Paris of the South and Tchaikovsky in a Roman Theatre

We found a good excuse to explore Aix-en-Provence, about an hour away from us, one day when we discovered that the only English-language Harry Potter showing was in Aix. We had been meaning to go and here was the perfect excuse. It is a fairly large city (population ~140,000) closer to the coast, near Marseille, and has the reputation of being the Paris of the South, both for its sophistication and its beauty.

We spent our entire time in the old town, which is as beautiful as expected. There is a main tree-lined street full of restaurants and businesses, Cours Mirabeau. It is a beautiful street bordered on one end by open-air markets selling books, CD’s, DVD’s and other trinkets, a beautiful traditional carousel, and carts selling “un vrai hot dog de New York”. (We tried one just to test their marketing claim – not a bad approximation of a New York food cart hot dog. Not Gray’s Papaya, to be sure, but not bad). The street is laid with small stones and punctuated at every intersection with a moss-covered fountain.
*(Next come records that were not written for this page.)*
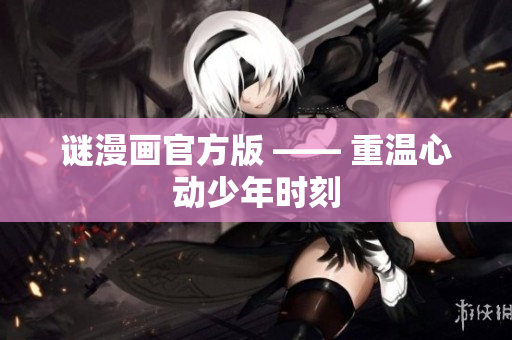 谜漫画官方版 —— 重温心动少年时刻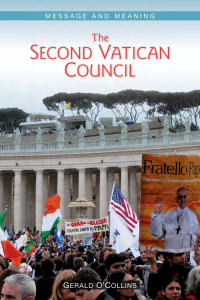 Gerald O'Collins — The Second Vatican Council: Message and Meaning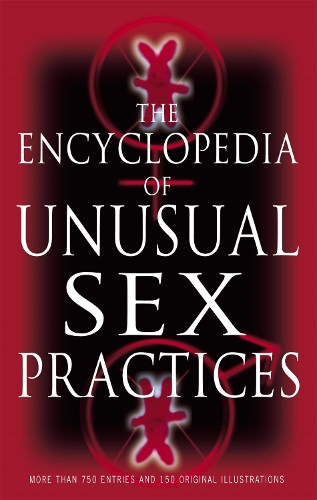 Бумажная книга «Encyclopedia Of Unusual Sex Practices», автор Бренда Лав - фото №1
One side of the street (the shady side) is full of restaurants and cafes with large sidewalk terraces – the other is full of businesses and stores. We had a great time exploring that street and other back streets and squares within the city before heading to our movie.

Fountain at one end of the Cours Mirabeau
Fountain at one end of the Cours Mirabeau
Paul Cezanne spent much of his life at Aix
Paul Cezanne spent much of his life at Aix
Along the Cours Mirabeau
Along the Cours Mirabeau
Along the streets of Aix
Along the streets of Aix
Picking up some treats for the movie
Picking up some treats for the movie

A few days later, we decided to head about 1/2 hour north to the city or Orange, most famous for its Roman ruins, including a spectacular open air theatre dating from before the birth of Christ. It is considered the best-preserved Roman antiquity in Europe, and is the only Roman theatre to retain its original 12-foot statue of Caesar Augustus. It boasts a complete stage wall with seats built into the side of the hill – holding 7,000 spectators. Orange also has a famed arc de triomphe dating from about 25 A.D.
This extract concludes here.